**Goal of the exercise**
All lines from the one that has "Building Photo - 1933 Gus Moran St" onward to the end of the records below are to be returned exactly; pictures are to be skipped.

**Extracted information**
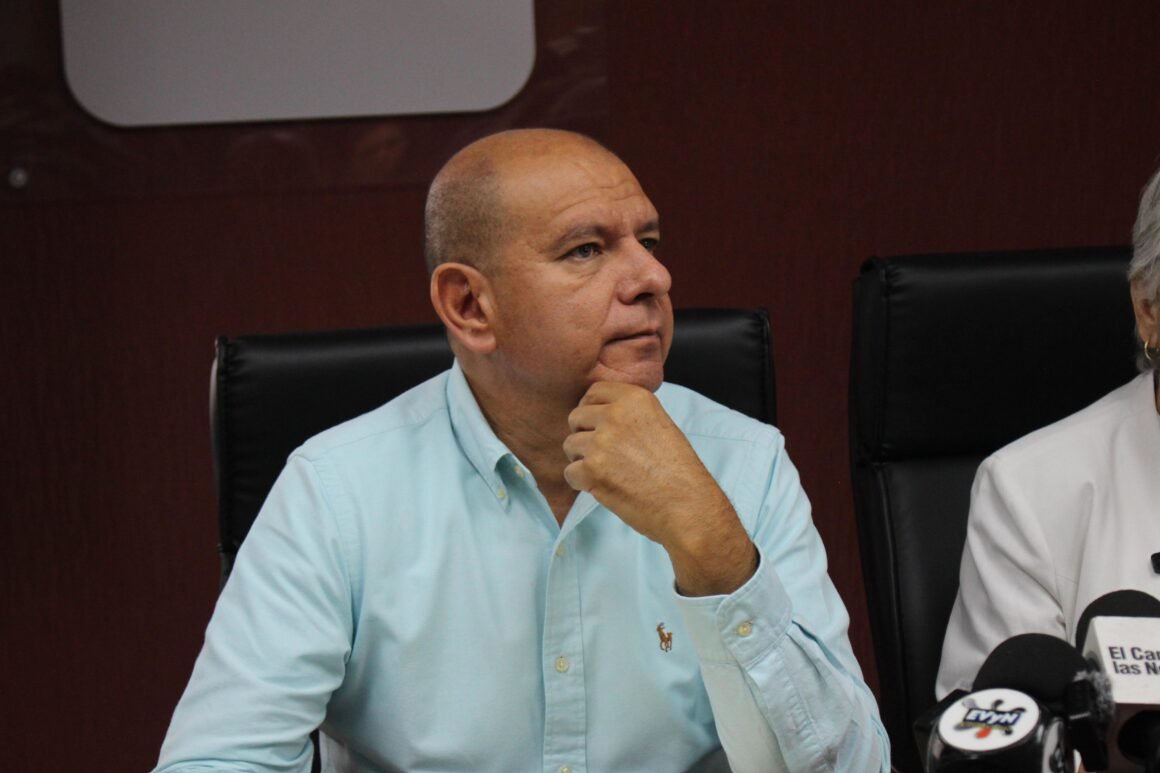 IMG-20260610-WA0052 “¿Santiago de la Peña quiere ser candidato del PRI o del PAN?”; Cuauhtémoc Estrada cuestiona mensaje del secretario general de Gobierno sobre Coahuila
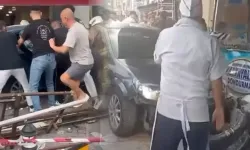 İstanbul'da Dehşet Anları! Otomobil Yayaların Arasına Daldı! Yaralılar Var
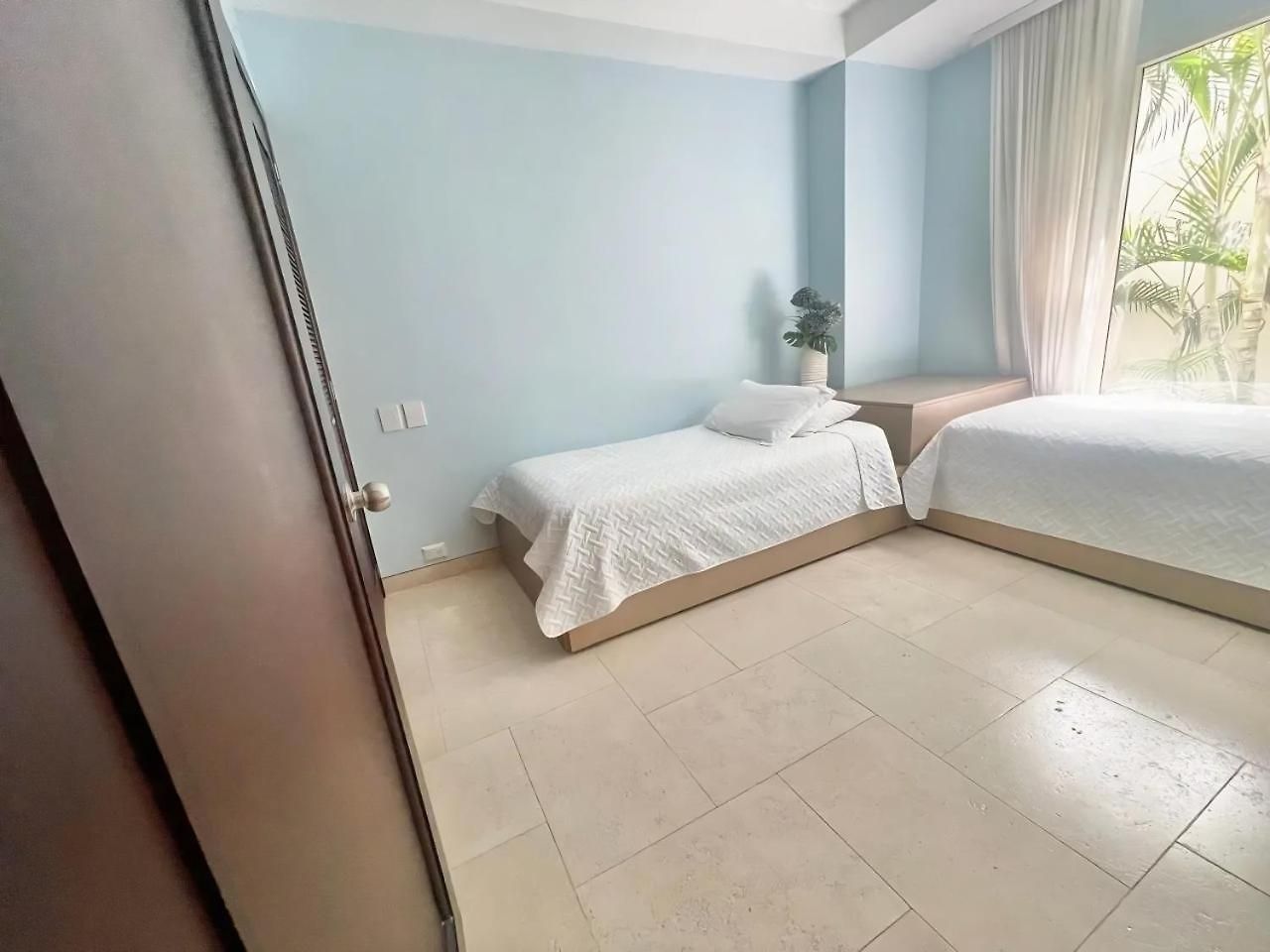 Modern Comfort - Spacious 2br In Walled *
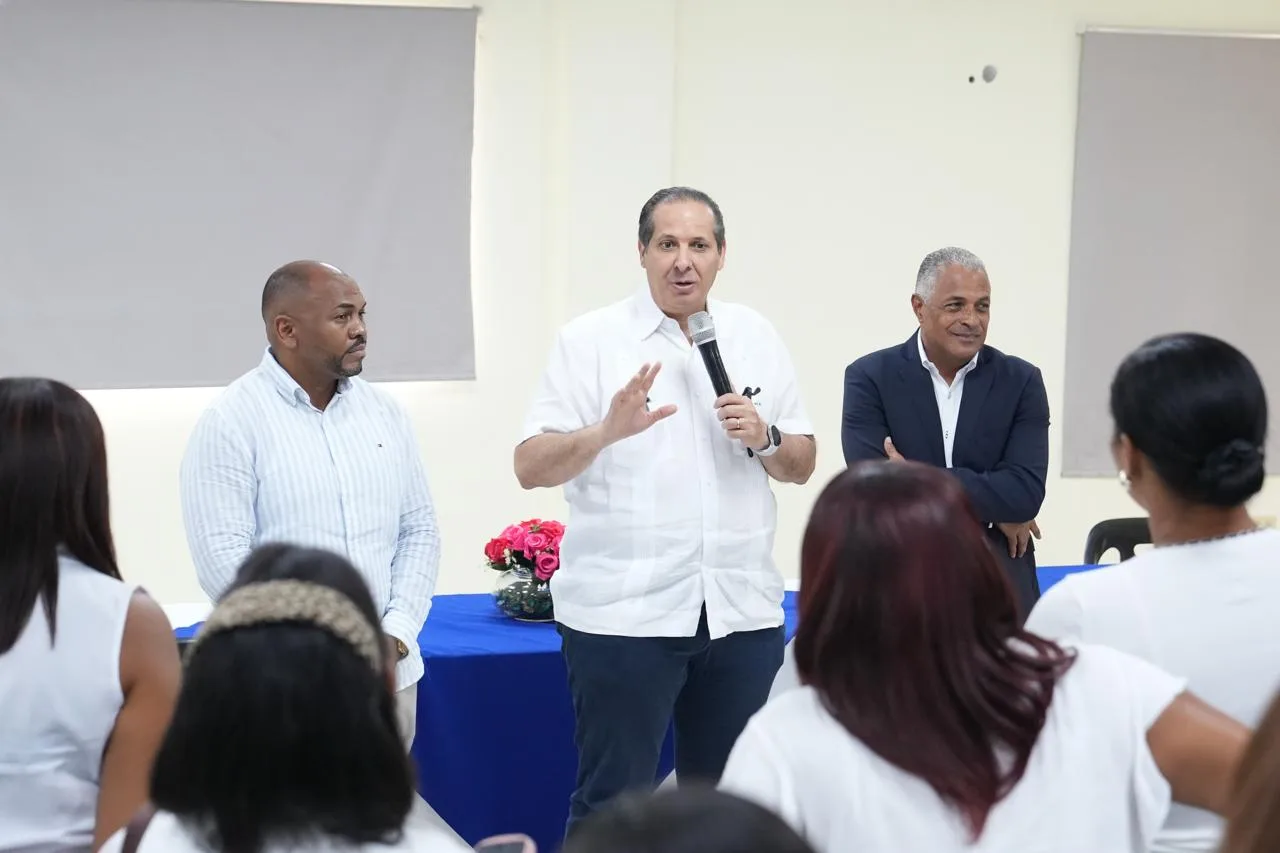 Ministro Víctor Atallah destaca reducción de 82% de los casos de malaria en Azua durante recorrido por DPS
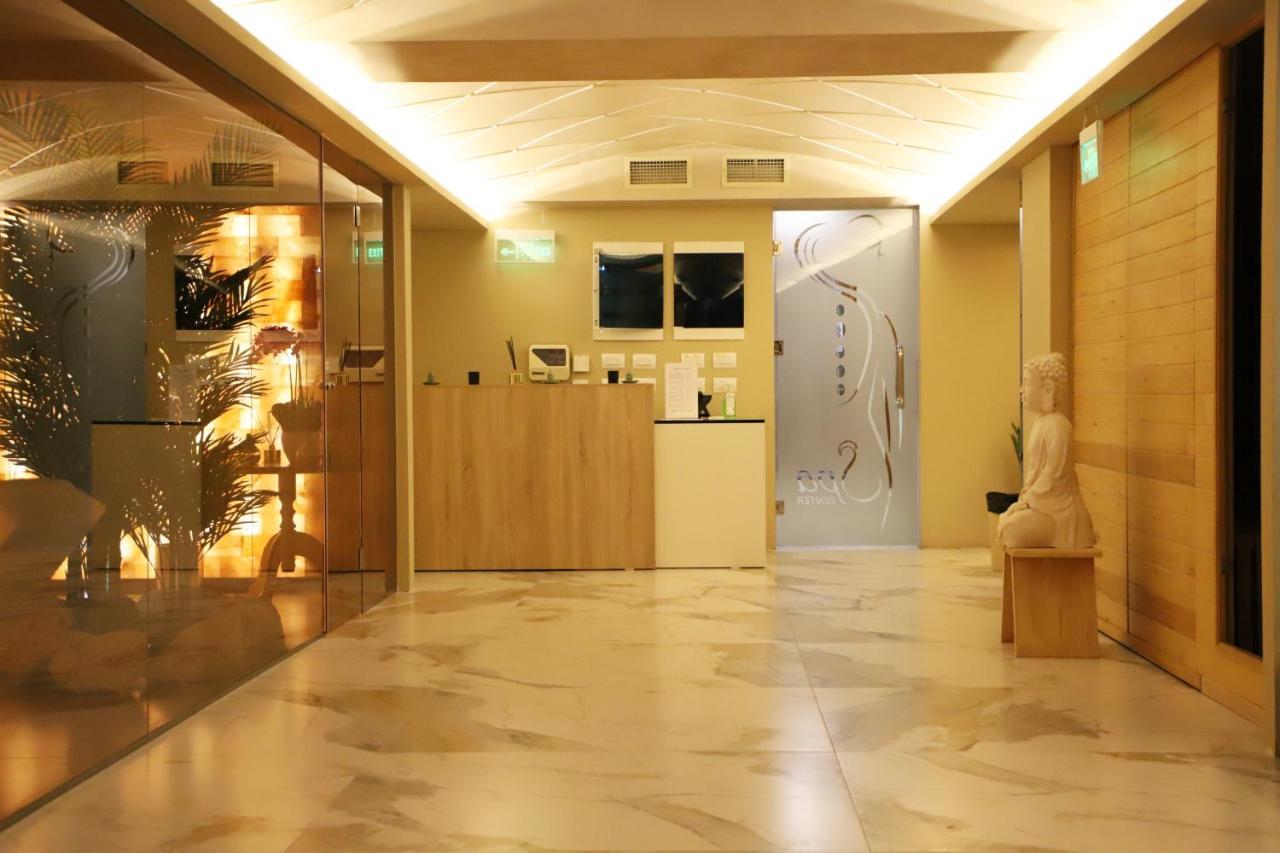 Hotel Colombo Μπεράτ Εξωτερικό φωτογραφία Interior of the hotel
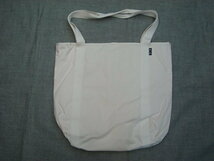 新品OAKLEY(オークリー) ESSENTIAL DAY TOTE 2.0 NATURAL 30B_画像2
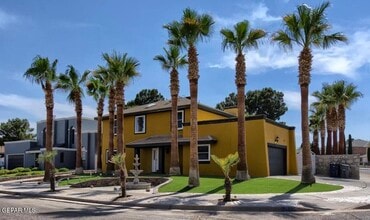 Building Photo - 1933 Gus Moran St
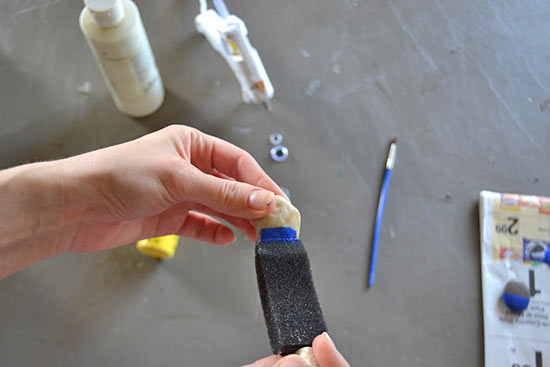 Mini_Minion_Painted_Rocks3
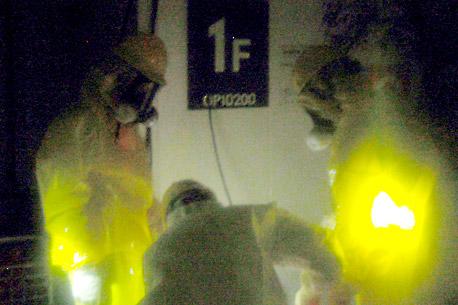 Hospitalizan a dos trabajadores de Fukushima por alto nivel de radiación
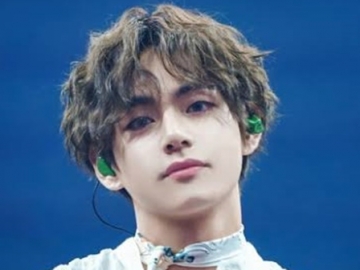 Pakai Bandana Sambil Umbar Dada, Penampilan V BTS di Grammy Awards 2020 Curi Perhatian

**Response box**
 Building Photo - 1933 Gus Moran St
 Mini_Minion_Painted_Rocks3
 Hospitalizan a dos trabajadores de Fukushima por alto nivel de radiación
 Pakai Bandana Sambil Umbar Dada, Penampilan V BTS di Grammy Awards 2020 Curi Perhatian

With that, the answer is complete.